As palavras morrem em minha boca ao sentir os lábios de Jaebeom- o indivíduo que tocava a companhia como se sua vida dependesse disso, sobre os meus em um simples selinho. O contato simples foi rompido, tão rapidamente quanto foi dado, e me permitiu a visão de um Jaebeom com as bochechas vermelhas e os olhos felinos envergonhados.

- Youngjae, você me deixa louco! – Ele diz, com uma voz baixa, fazendo um sorriso adornar meus lábios. – Desculpe se lhe assustei, mas eu precisava resolver logo isso. Eu gosto de você, tem um tempo já, e eu não quero mais te deixar escapar. Esse sentimento que habita o fundo do meu coração, bom, não gostaria que ele sumisse. Então, por favor, fique ao meu lado. – Completa olhando, pela primeira vez, diretamente para meus olhos.

Surpreso e sem palavras, foi assim que fiquei. Eu não sabia o que dizer! As borboletas faziam festa em meu estômago e meu coração parecia pular dentro da minha caixa torácica.

          - Eu entendo se você não sentir o mesmo.... desculpe pelo beijo. – Jaebeom volta a dizer, tendo o olhar no chão, despertando-me de minhas divagações.

          - Beomie, espera! – Grito, segurando o pulso do mesmo, impedindo a sua saída.
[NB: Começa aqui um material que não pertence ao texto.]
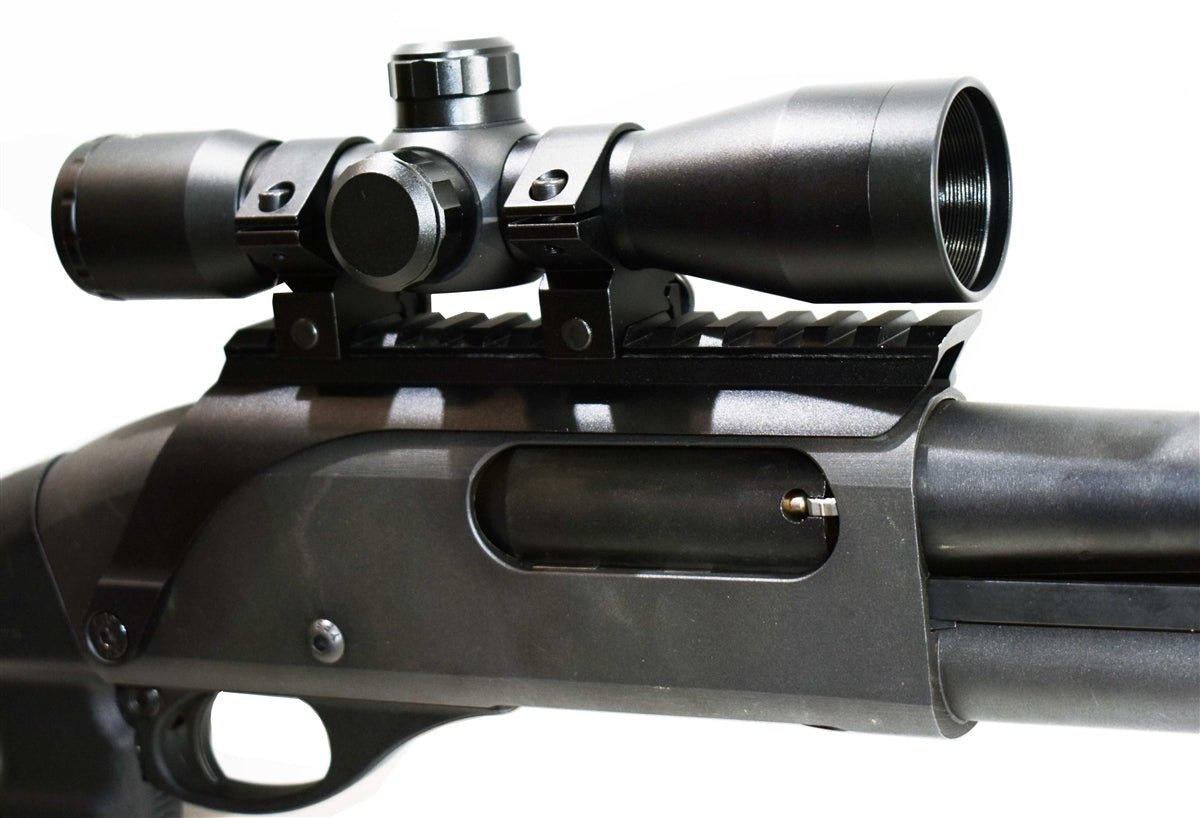 Trinity Saddle Picatinny Mount Adapter With 4x32 Scope Mil Dot Reticle For Remington 870 12 Gauge Pump. - TRINITY SUPPLY INC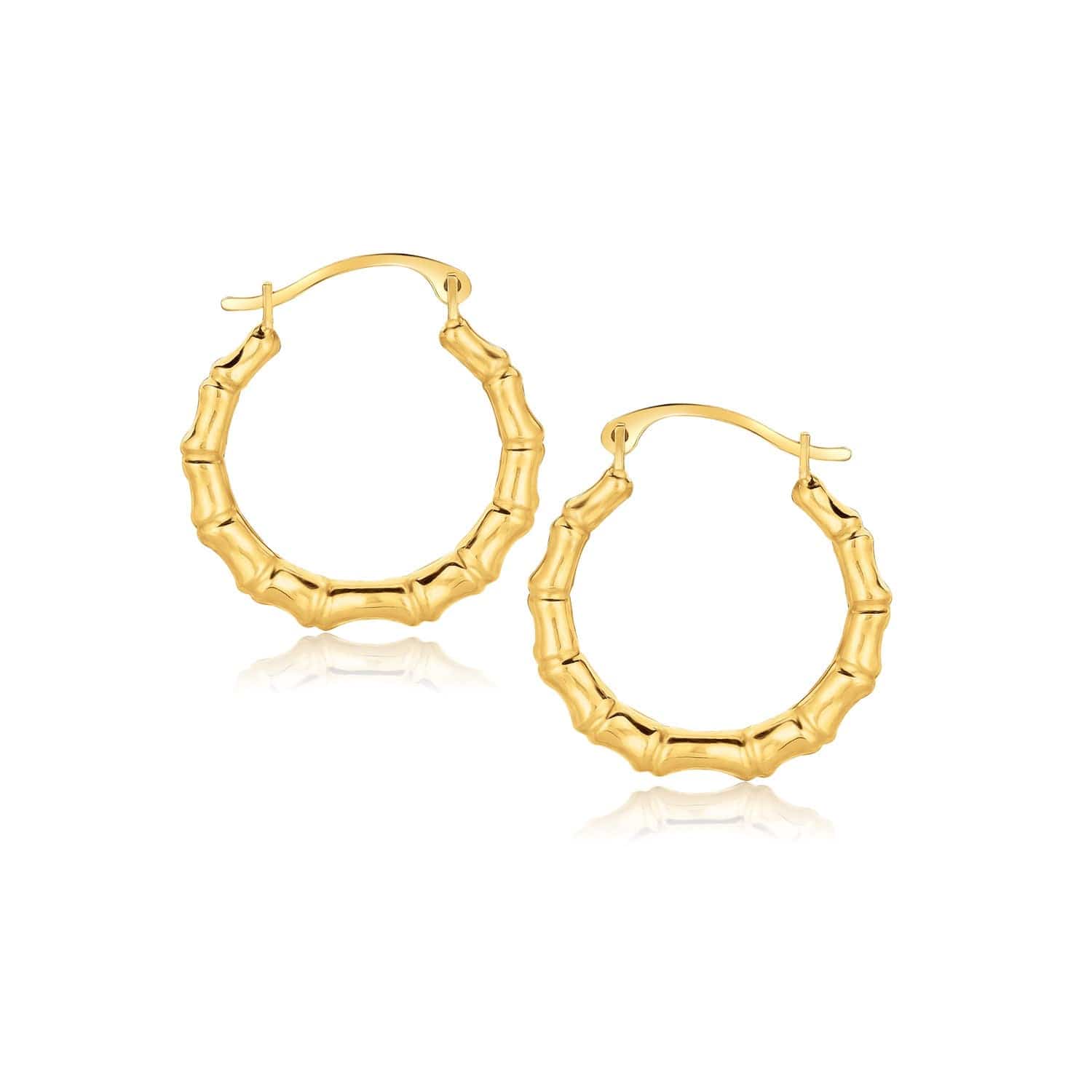 10k Yellow Gold Branch Motif Hoop Earrings - Forever in Harmony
Jaebeom me encarou curioso e, no fundo de seus olhos, eu pude ver o medo da rejeição. Inicialmente, por ter muitos sentimentos em mim e não possuir palavras para descreve-los, fixei meu olhar nos orbes felinos do Im. Ainda segurando seu pulso, segurei aquele olhar e o puxei para mais perto de mim. Nossos corpos estavam juntos e só uma coisa se passava por minha cabeça; e foi ela que realizei. Surpreendendo a pessoa a minha frente, juntei nossos lábios em um beijo de verdade. Timidamente, as mãos de Jaebeom foram para minha nuca, enquanto as minhas se posicionavam em sua cintura. Nosso osculo se encaixava perfeitamente e as sensações que passavam por meu corpo, por causa do contato, me conduziam as nuvens. O contato tão esperado foi rompido quando o oxigênio se fez necessário e nós nos separamos envergonhados.

          - Eu sou louco por você, Jaebeom! – Exclamo abraçando o corpo do mais velho. – Gosto de você há tanto tempo, Beomie. Você foi minha luz, meu melhor amigo no passado e no presente. – Sussurro em seu ouvido e sinto ele retribuir meu abraço.

          - Desculpa por ter fugido e obrigado por ter visto o homem por trás da sombra. Obrigado por me aceitar! – Jaebeom sussurra e sinto suas lágrimas molharem minha blusa.

          - Sempre, Beomie. Porque se eu vivesse mil vezes, te amaria a cada reencarnação. – Digo, segurando o rosto do mais velho, juntando nossos lábios em seguida.

          “Ainda que eu vivesse mil vezes, te amaria a cada reencarnação.”

 

          Hospital – Jackson Wang

- Sabe que ganhei a aposta, não é? – Jackson pergunta sua parceira.

- Eu vou cumprir, Jack! – Exclama com uma falsa tristeza. - Já pode marcar o nosso encontro, Wang. Estou ansiosa para ele! – Continua ela, revelando sua felicidade, piscando na direção do chinês.